The strategy runs inside the next() method, which Backtrader executes for every new candle.2

1. Stop Loss & Take Profit

We implement “Hard Stops.” If the price moves 10% down, we cut it. If it moves 30% up, we take the profit. This removes the psychological difficulty of selling.

Python

# Inside next() loop
entry = self.entry_prices.get(symbol)
if entry:
    # Stop Loss Logic
    if data.close[0] < entry * (1 - self.p.stop_loss_pct):
        self.close(data=data)
    # Take Profit Logic
    elif data.close[0] > entry * (1 + self.p.take_profit_pct):
        self.close(data=data)

2. Monthly Rebalancing

Crypto markets change fast. Every 30 days, we perform a “Health Check.”

  1. Recalculate scores for all assets.

  2. Sell anything with a negative score.

  3. Buy the top assets with positive scores.


Part 5: Analysis & Metrics

To fix the dependency issues with the library empyrical, we wrote a custom RiskMetrics class. This allows us to calculate institutional-grade metrics without version conflicts.

The Sharpe Ratio Calculation:

The Sharpe ratio tells us if the returns were worth the stress (volatility).

Python

@staticmethod
def sharpe_ratio(returns, risk_free=0.0, periods=365):
    # Calculate excess return over the risk-free rate
    excess_returns = returns - (risk_free / periods)
    std = excess_returns.std()
    
    if std == 0: return 0.0
    
    # Annualize the result
    return np.sqrt(periods) * excess_returns.mean() / std

Performance Analysis

The backtest covered the period of 2025, a year characterized by significant volatility in the crypto markets. The strategy demonstrated its core value proposition: capital preservation during bear trends.

1. Key Metrics Overview

Metric Result Interpretation
Total Return +4.74% Positive profitability in a year where the benchmark (Grey Line) ended negative.
Max Drawdown -19.71% The system hit its risk limits late in the year. This falls just within the 20% max portfolio risk parameter we set.
Sharpe Ratio 0.296 A lower score indicating that for every unit of risk taken, the return was modest. This is typical for trend-following strategies during choppy/sideways years.
Final Value $104,744 The portfolio grew capital while the buy-and-hold benchmark lost value (ending below $90k).

2. Visual Analysis (The Charts)

Pasted image 20251205151020.png

A. The Equity Curve (Capital Preservation)

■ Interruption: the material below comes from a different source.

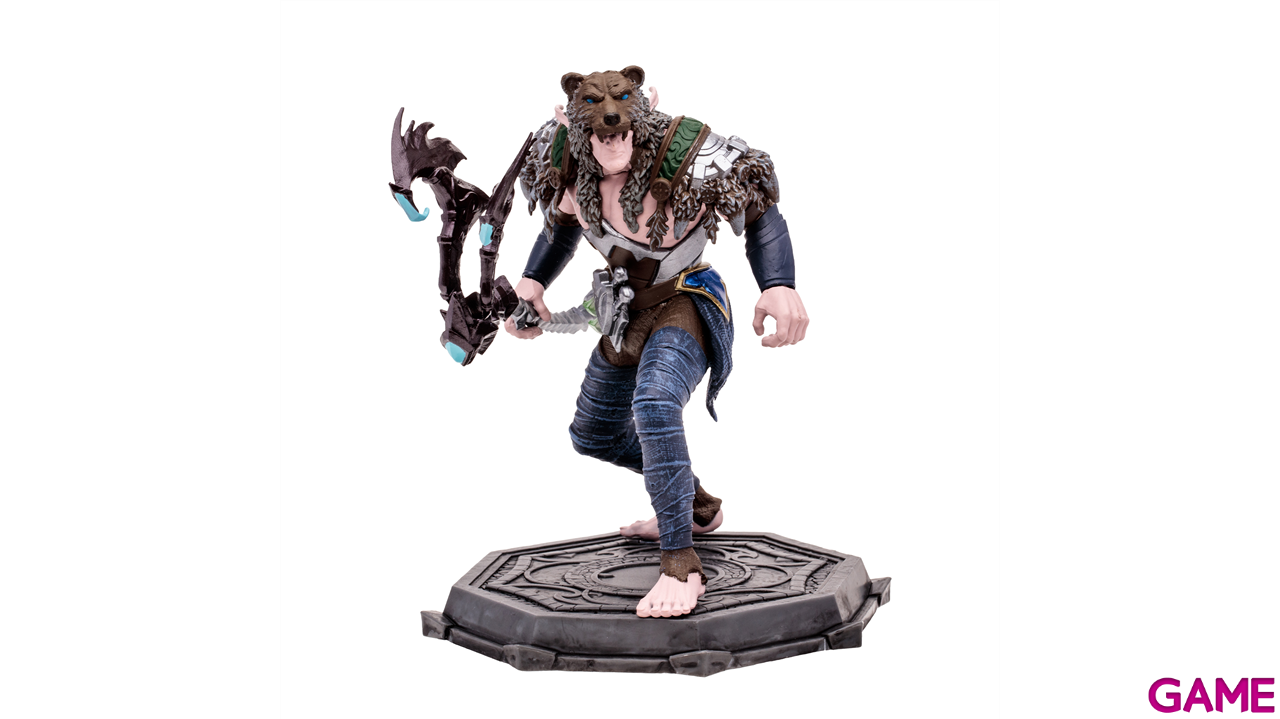 Figura McFarlane World of Warcraft: Elfa de la Noche Rara 15cm-3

The most striking feature of the performance is visible in Q1 2025 (January - March).

B. The Catch-Up Phase

From April to September, as the market recovered, the strategy re-entered. You can see the Red line aggressively catching up to the Grey line. The Momentum component worked perfectly here, capturing the bulk of the mid-year rally (July alone returned +8.4%).

C. The Drawdown (The “Whipsaw” Risk)

The strategy struggled in Q4 (October - November).

3. The Verdict

The strategy successfully performed its primary job: it outperformed the benchmark by not losing money when the market crashed.

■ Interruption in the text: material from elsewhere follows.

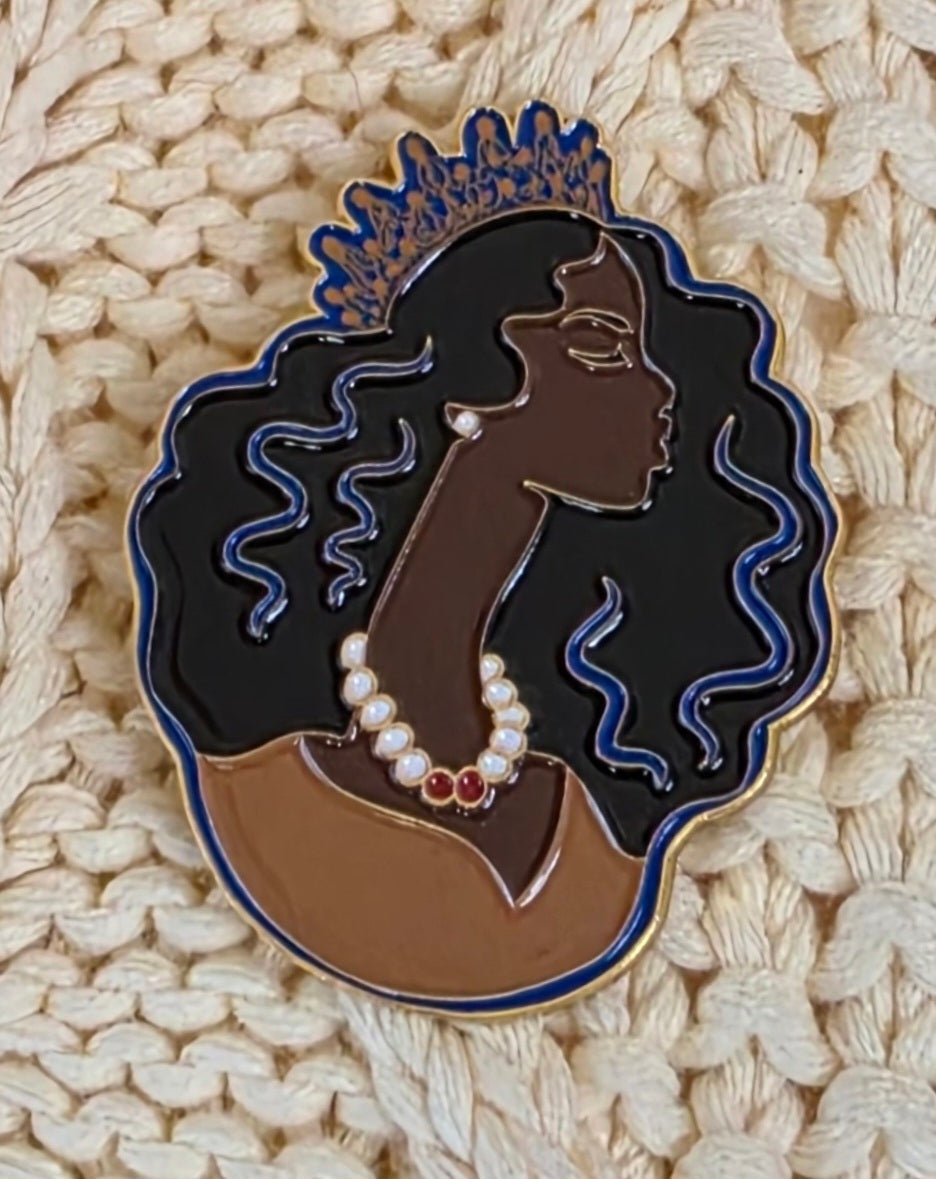 2" Rhoyal Lapel Pin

While a 4.74% return may seem modest compared to a bull market frenzy, it is infinitely better than the significant loss a “Buy and Hold” investor would have suffered in 2025. The system proved it acts as a volatility shield, effectively “flattening” the downside while still attempting to capture the upside. ## Summary

This script provides a professional framework for crypto backtesting. By decoupling the Signal (Composite Score) from the Sizing (ATR/Risk Parity), we create a system that can capture upside trends while surviving the inevitable crypto crashes.